[Source records]
==============================
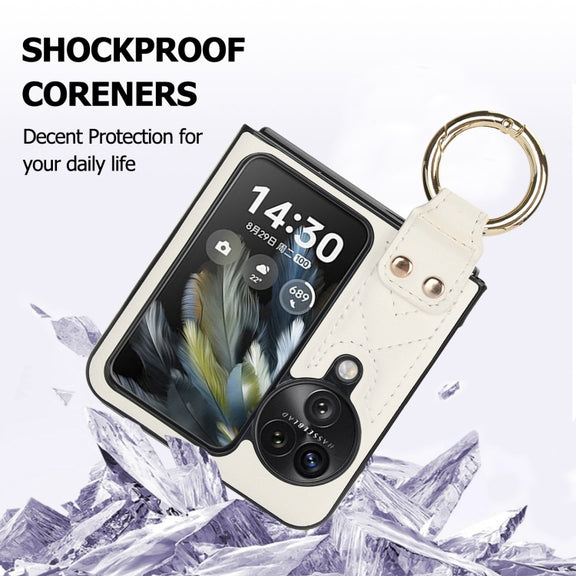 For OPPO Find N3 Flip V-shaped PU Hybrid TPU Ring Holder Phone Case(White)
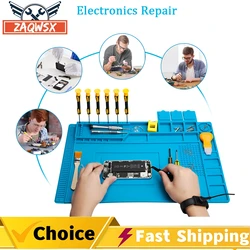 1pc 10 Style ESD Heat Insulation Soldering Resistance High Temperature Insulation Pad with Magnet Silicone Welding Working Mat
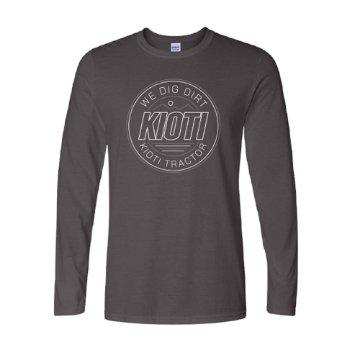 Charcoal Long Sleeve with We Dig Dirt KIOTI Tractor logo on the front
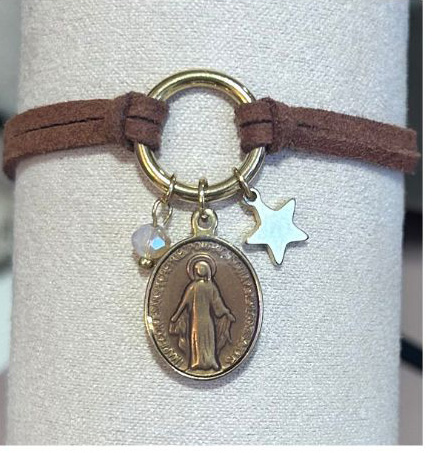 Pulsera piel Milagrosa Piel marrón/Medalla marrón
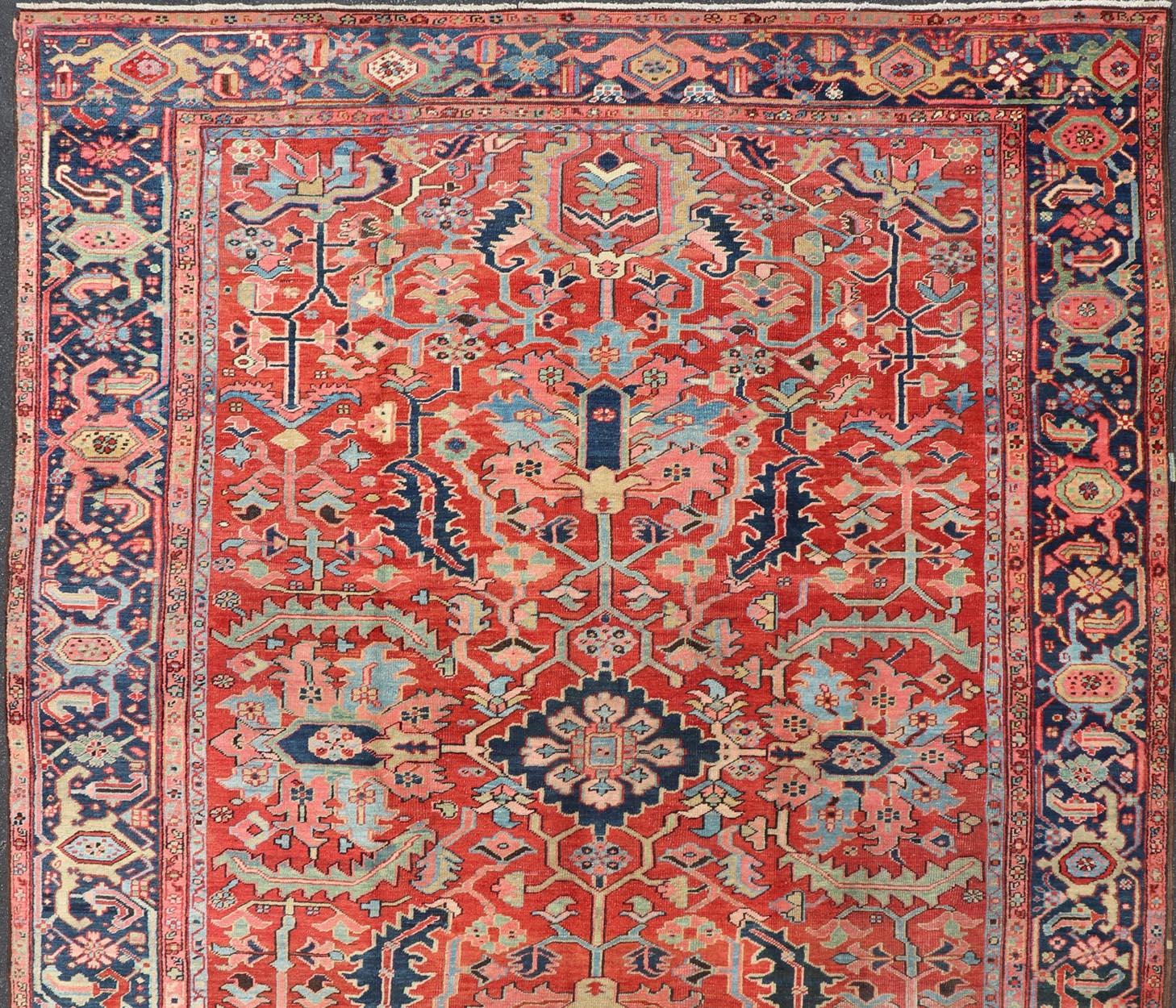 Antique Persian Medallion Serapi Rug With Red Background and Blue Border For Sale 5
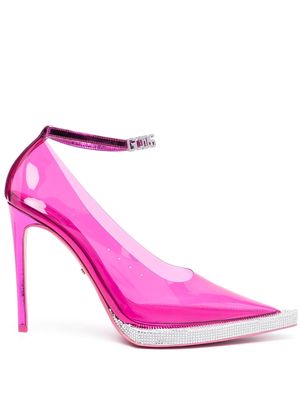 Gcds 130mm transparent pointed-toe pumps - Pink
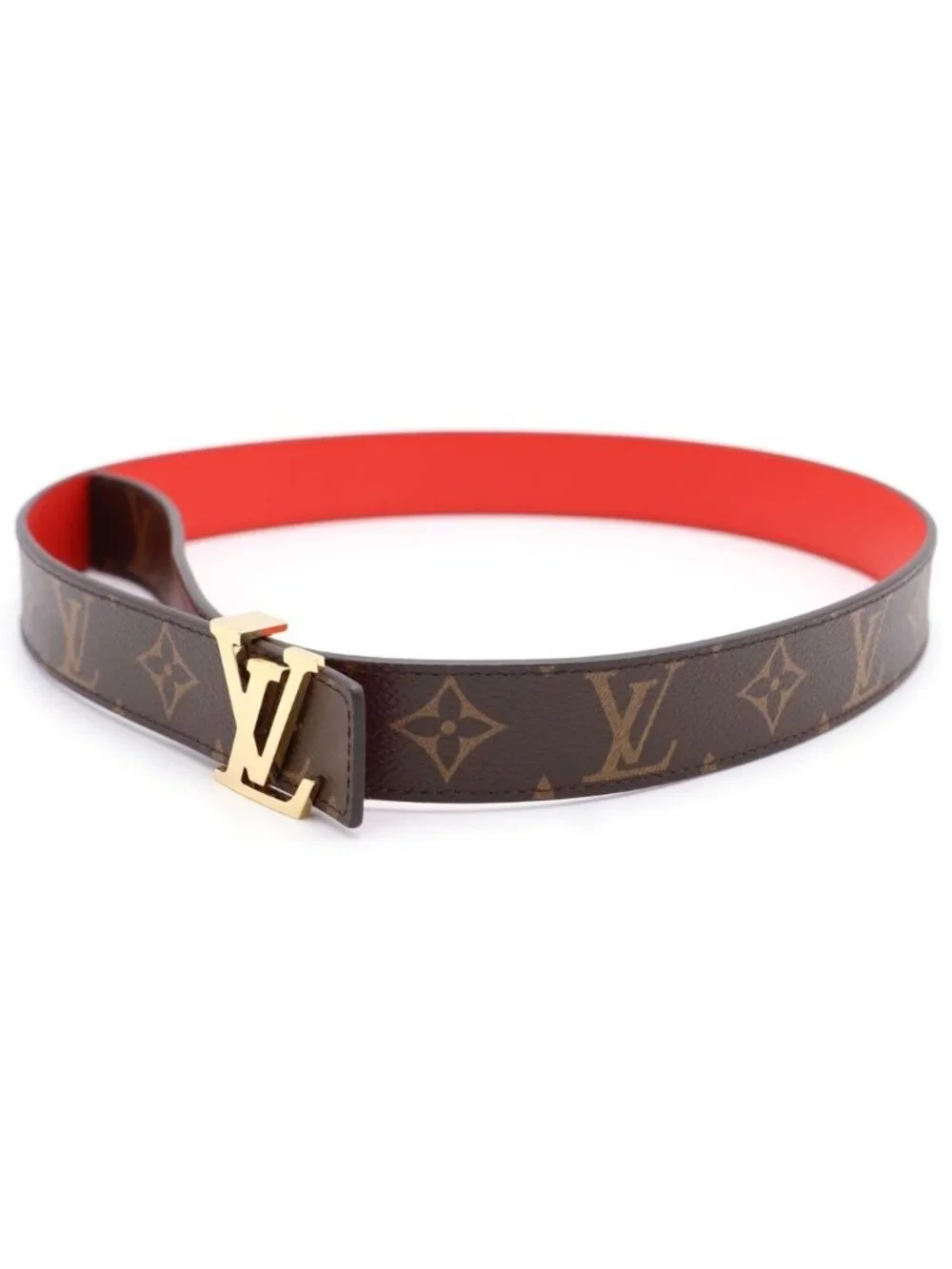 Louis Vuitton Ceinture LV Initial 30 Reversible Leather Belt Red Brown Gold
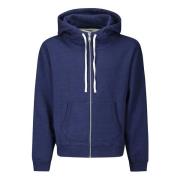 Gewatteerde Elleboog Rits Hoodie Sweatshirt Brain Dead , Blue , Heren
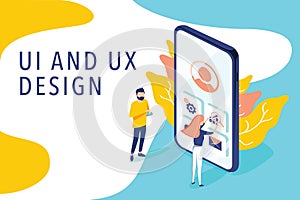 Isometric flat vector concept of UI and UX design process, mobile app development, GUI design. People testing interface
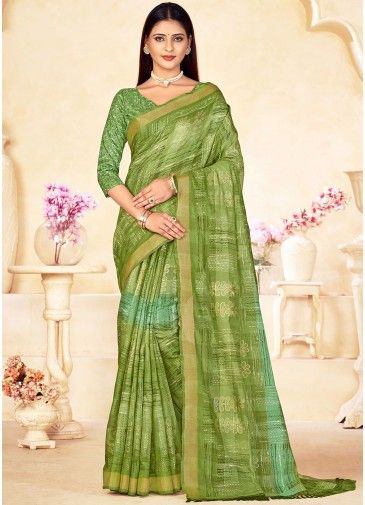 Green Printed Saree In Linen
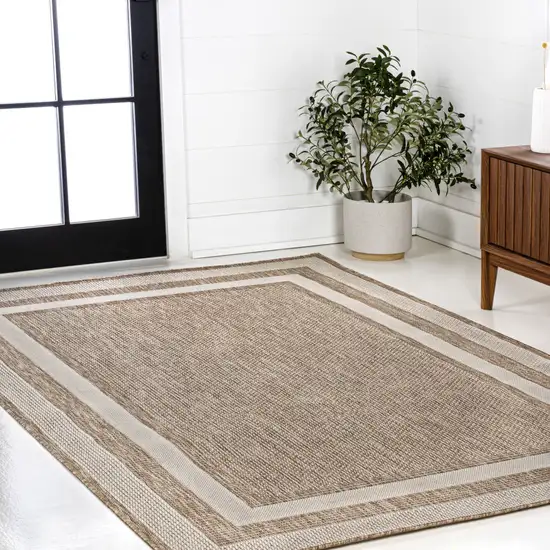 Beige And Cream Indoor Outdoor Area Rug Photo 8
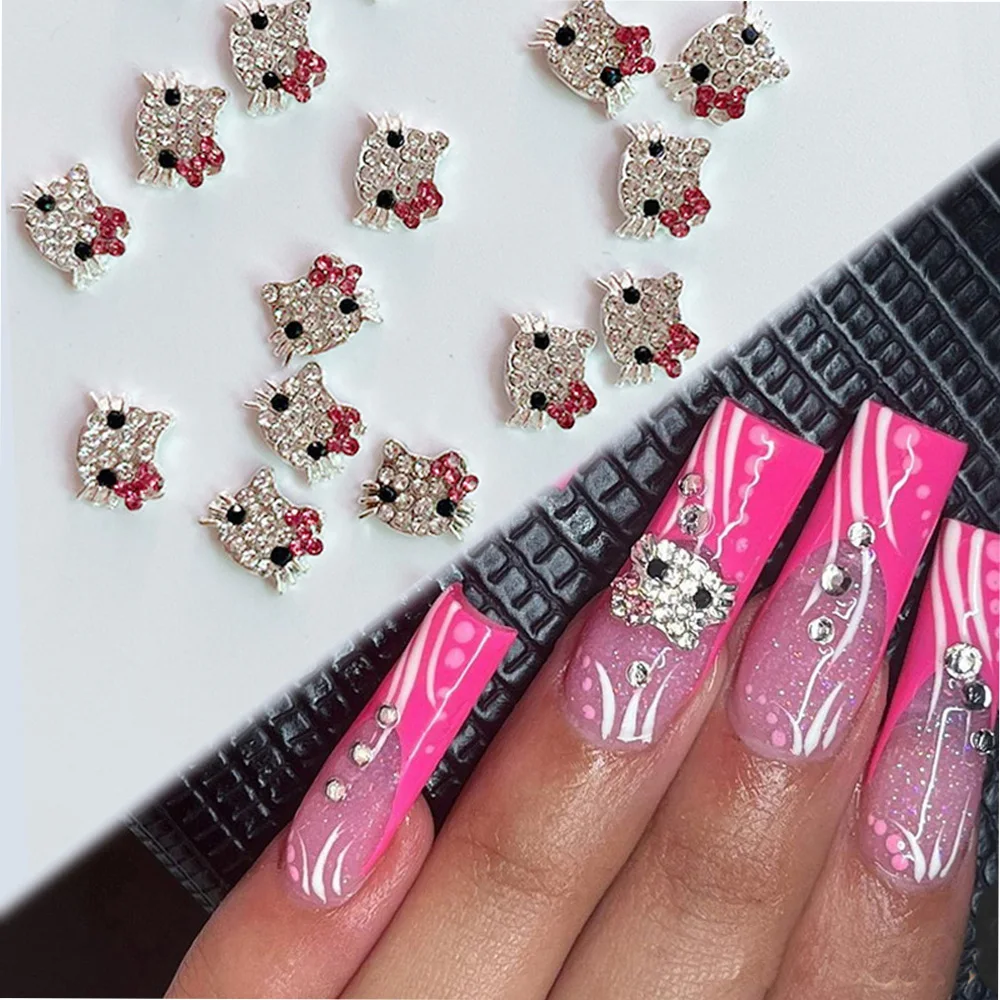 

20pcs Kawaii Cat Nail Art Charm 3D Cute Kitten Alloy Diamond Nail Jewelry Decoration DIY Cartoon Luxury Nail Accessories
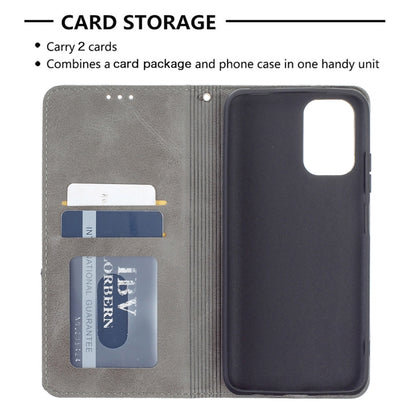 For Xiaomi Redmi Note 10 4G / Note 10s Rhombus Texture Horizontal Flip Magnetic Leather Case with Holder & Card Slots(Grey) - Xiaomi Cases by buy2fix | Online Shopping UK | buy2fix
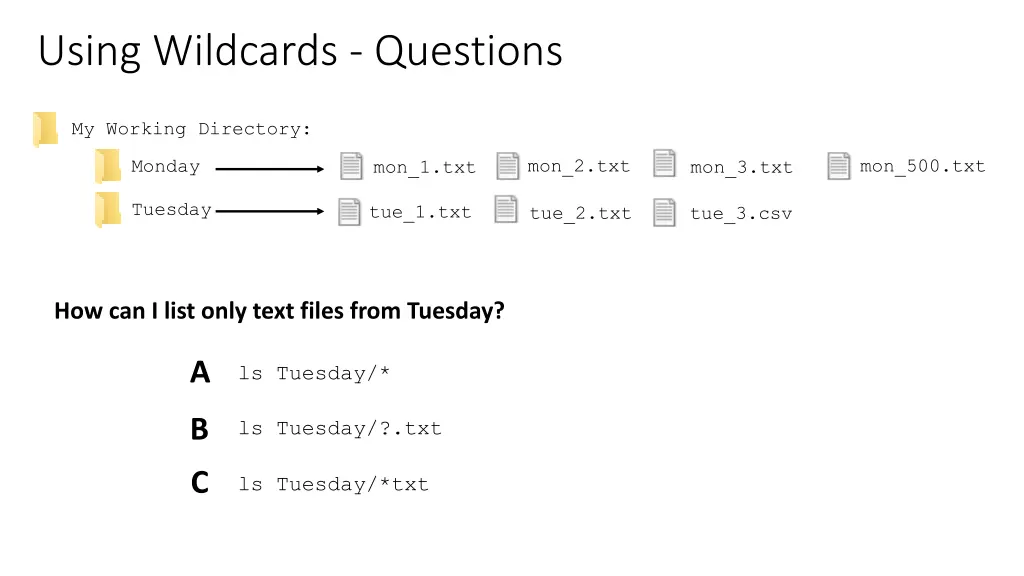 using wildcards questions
==============================
▸ **PROBLEM REQUIREMENTS**
Beginning with the first line of the records, write out every line up to and including the one with "Louis Vuitton Ceinture", exactly, and omit all pictures.

▸ **YOUR RESPONSE**
 For OPPO Find N3 Flip V-shaped PU Hybrid TPU Ring Holder Phone Case(White)
 1pc 10 Style ESD Heat Insulation Soldering Resistance High Temperature Insulation Pad with Magnet Silicone Welding Working Mat
 Charcoal Long Sleeve with We Dig Dirt KIOTI Tractor logo on the front
 Pulsera piel Milagrosa Piel marrón/Medalla marrón
 Antique Persian Medallion Serapi Rug With Red Background and Blue Border For Sale 5
 Gcds 130mm transparent pointed-toe pumps - Pink
 Louis Vuitton Ceinture LV Initial 30 Reversible Leather Belt Red Brown Gold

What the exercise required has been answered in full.